Se forem vítimas de tortura, de tratamentos desumanos e degradantes, bem como de
outras formas de abuso de crianças, os Estados são obrigados a proceder a uma
investigação exaustiva e a assegurar que uma compensação proporcional seja
recompensada às vítimas.
74. Os Estados têm, portanto, a obrigação positiva de proteger eficazmente a dignidade
humana e a integridade das crianças, assim como o direito das crianças à liberdade de
tratamentos cruéis e desumanos. Esta obrigação e responsabilidade dos Estados surge
mesmo que a violação seja causada por actores não estatais. A este respeito, o Comité
contra a Tortura, no seu Comentário Geral n.º 2, observou que
"O Comitê deixou claro que quando as autoridades do Estado ou outros agindo na
capacidade oficial ou sob a cor da lei, sabem ou têm motivos razoáveis para
acreditar que atos de tortura ou maus-tratos estão sendo cometidos por
funcionários não-estatais ou atores privados e não exercem a devida diligência
para prevenir, investigar, processar e punir tais funcionários não-estatais ou
atores privados de forma consistente com a Convenção, o Estado tem
responsabilidade e seus funcionários devem ser considerados como autores,
cúmplices ou de outra forma responsáveis nos termos da Convenção por
consentirem ou consentirem em tais atos inadmissíveis.
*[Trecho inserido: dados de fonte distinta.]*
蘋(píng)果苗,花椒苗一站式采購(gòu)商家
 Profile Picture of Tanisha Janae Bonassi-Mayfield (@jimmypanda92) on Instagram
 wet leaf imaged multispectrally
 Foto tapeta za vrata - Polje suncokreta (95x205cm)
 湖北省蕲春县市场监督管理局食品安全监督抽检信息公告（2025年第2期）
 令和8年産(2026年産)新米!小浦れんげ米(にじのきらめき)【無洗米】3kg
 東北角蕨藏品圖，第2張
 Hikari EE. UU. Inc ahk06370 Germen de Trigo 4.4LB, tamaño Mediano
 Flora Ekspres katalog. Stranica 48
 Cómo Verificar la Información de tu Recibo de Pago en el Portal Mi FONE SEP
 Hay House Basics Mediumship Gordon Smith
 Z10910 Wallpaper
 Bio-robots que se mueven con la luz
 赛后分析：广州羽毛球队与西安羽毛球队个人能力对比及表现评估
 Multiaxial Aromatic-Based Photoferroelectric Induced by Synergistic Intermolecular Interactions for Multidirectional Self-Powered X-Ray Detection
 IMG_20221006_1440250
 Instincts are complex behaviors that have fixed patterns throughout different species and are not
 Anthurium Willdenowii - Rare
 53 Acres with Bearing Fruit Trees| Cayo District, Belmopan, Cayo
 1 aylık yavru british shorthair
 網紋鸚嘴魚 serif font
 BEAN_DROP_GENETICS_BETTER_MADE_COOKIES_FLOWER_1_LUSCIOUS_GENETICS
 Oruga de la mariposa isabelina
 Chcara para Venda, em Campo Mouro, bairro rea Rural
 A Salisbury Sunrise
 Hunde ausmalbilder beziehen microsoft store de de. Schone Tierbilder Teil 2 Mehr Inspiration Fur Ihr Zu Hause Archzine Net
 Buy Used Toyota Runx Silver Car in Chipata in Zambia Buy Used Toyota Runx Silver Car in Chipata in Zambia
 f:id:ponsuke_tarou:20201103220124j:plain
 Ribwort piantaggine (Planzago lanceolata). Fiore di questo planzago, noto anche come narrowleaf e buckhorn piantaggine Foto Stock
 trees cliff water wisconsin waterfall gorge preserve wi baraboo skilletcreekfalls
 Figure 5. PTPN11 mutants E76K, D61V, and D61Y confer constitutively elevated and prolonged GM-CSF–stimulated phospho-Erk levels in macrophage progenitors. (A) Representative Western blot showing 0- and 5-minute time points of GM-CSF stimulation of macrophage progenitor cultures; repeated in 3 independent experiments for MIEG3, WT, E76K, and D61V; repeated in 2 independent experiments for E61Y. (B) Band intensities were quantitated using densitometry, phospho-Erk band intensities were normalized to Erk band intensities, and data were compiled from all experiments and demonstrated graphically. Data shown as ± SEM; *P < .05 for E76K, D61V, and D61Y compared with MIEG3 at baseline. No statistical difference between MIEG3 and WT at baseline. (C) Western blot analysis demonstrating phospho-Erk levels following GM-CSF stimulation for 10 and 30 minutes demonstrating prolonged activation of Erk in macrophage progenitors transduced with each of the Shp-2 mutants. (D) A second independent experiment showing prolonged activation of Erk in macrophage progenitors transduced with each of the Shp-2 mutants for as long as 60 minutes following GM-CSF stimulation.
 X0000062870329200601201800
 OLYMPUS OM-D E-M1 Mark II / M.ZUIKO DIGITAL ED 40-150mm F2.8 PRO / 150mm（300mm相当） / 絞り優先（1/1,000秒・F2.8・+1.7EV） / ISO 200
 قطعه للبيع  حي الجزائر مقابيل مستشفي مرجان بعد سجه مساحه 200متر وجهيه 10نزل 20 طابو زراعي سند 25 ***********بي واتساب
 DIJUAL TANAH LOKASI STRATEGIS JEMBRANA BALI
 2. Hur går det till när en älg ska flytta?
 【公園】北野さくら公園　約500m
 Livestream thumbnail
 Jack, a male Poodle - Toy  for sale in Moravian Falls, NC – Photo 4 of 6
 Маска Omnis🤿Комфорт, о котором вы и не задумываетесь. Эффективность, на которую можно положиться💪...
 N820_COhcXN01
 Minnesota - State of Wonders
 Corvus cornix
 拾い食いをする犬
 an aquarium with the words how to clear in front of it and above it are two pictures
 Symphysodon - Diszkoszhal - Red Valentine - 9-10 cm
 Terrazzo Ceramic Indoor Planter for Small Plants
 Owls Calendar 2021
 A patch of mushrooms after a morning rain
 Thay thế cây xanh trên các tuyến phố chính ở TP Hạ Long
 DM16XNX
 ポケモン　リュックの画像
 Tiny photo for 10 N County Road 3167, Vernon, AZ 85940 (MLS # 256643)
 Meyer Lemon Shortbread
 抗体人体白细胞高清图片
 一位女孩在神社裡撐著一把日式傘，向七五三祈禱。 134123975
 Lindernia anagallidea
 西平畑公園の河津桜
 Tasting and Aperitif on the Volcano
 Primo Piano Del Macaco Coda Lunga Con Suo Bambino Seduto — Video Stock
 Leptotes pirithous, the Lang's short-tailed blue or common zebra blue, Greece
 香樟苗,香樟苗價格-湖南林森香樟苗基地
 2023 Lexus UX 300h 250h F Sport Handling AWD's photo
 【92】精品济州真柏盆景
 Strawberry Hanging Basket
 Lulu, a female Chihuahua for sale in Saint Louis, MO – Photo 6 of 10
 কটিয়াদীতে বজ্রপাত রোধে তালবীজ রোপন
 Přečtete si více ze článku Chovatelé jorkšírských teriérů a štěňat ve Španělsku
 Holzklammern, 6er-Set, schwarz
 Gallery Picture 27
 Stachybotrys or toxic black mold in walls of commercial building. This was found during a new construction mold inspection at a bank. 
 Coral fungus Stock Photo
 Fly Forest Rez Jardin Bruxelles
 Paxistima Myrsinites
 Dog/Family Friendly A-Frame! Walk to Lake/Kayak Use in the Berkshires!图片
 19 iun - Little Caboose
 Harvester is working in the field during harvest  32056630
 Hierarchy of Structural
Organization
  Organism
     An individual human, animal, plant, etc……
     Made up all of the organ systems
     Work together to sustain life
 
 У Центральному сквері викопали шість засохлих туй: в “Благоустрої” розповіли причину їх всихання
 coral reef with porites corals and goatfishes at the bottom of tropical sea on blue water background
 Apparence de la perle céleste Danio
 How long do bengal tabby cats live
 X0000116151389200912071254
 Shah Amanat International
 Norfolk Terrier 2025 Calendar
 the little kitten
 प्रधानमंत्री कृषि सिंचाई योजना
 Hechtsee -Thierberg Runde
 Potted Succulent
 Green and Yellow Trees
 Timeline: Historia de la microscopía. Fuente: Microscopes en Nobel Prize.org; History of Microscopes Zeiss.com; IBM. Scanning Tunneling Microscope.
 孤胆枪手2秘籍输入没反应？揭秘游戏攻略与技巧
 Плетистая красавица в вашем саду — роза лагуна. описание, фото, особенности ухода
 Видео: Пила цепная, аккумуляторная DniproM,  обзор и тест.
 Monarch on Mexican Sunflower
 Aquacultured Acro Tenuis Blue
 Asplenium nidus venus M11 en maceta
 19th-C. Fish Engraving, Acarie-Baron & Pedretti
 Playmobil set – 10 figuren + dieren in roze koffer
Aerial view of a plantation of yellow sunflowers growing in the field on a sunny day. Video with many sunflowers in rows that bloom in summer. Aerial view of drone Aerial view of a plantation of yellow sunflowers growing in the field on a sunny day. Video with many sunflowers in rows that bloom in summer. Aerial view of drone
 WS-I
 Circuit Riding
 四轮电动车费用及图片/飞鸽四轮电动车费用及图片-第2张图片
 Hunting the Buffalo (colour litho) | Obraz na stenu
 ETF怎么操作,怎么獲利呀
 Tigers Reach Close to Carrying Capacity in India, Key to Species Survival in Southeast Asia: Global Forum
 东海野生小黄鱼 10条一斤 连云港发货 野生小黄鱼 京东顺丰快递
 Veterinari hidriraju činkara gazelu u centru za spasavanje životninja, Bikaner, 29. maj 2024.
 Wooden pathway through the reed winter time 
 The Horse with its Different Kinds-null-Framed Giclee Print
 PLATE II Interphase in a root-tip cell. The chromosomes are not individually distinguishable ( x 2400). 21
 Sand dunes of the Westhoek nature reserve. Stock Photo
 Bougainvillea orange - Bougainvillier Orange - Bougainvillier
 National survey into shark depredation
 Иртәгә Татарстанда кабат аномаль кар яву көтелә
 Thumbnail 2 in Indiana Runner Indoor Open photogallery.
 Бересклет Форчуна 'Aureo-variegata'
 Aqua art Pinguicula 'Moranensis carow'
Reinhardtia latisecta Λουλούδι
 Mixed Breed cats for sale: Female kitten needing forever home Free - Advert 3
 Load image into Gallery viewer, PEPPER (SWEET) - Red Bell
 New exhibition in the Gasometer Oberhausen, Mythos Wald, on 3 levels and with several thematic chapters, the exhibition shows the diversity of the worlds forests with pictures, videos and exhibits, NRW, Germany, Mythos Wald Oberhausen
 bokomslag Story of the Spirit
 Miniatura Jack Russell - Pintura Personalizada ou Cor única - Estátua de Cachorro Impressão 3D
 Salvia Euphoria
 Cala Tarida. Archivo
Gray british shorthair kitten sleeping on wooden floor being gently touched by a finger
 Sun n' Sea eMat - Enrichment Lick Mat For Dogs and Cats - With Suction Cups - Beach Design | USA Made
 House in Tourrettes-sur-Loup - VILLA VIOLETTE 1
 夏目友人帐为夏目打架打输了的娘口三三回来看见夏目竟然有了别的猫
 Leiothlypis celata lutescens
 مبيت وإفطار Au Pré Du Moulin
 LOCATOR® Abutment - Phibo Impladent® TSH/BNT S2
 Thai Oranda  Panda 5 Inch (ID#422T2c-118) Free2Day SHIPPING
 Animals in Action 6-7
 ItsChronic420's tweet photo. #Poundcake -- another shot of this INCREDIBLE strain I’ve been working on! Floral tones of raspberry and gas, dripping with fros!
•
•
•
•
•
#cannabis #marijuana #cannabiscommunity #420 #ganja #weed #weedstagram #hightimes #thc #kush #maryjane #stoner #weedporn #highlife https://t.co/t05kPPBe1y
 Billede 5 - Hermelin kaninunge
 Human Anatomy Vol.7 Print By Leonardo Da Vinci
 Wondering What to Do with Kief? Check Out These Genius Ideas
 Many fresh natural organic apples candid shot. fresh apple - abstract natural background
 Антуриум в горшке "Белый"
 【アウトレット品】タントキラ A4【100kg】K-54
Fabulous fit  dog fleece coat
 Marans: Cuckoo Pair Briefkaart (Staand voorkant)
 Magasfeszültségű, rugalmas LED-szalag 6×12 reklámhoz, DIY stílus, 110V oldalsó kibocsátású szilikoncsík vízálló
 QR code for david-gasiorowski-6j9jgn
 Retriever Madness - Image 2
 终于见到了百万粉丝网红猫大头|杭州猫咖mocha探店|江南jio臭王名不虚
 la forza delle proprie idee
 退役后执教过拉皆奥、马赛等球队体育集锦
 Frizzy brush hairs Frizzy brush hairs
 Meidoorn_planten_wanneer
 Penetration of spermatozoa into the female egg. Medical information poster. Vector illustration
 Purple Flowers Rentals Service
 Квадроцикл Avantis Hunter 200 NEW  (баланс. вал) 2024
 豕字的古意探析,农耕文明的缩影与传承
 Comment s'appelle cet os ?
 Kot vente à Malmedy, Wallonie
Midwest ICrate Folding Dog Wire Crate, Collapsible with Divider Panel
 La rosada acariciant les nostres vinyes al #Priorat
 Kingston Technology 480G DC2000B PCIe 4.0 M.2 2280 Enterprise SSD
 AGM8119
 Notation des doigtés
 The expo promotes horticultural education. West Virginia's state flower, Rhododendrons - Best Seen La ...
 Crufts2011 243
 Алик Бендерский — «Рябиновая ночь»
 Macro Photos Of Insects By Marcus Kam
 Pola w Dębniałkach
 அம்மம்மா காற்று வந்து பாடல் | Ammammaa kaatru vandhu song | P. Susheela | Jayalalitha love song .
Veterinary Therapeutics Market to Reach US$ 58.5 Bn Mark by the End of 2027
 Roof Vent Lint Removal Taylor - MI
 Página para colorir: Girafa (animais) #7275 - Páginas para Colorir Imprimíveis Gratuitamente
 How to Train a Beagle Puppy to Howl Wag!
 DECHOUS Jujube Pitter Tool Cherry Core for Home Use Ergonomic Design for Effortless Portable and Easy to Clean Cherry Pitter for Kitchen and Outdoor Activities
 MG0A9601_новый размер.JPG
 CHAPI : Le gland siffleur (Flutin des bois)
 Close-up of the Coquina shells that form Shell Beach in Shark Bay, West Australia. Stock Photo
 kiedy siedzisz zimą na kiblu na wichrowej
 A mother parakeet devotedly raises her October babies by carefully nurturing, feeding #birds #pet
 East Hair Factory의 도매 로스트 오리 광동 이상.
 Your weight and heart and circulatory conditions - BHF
Uma vez que o facto de o
Estado não exercer a diligência devida para intervir no sentido de parar, sancionar
e proporcionar soluções às vítimas de tortura facilita e permite aos agentes não
estatais cometer impunemente actos inadmissíveis nos termos da Convenção, a
indiferença ou a inacção do Estado proporciona uma forma de incentivo e/ou de
permissão de facto. O Comité aplicou este princípio à incapacidade dos Estados
Partes de prevenir e proteger as vítimas da violência baseada no género, como
violação, violência doméstica, mutilação genital feminina e tráfico". 28
75. A responsabilidade do Estado decorrente do artigo 16 não se baseia, portanto, apenas em
actos perpetrados por agentes do Estado, mas também em actos perpetrados por agentes
não estatais. Tal como referido pela Comissão Africana:
As normas de direitos humanos não contêm apenas limitações à autoridade do
Estado ou dos órgãos do Estado. Também impõem obrigações positivas aos
Estados para prevenir e sancionar as violações privadas dos direitos humanos.
De fato, a lei de direitos humanos impõe obrigações aos Estados de proteger os
cidadãos ou indivíduos sob sua jurisdição contra os atos prejudiciais de outros.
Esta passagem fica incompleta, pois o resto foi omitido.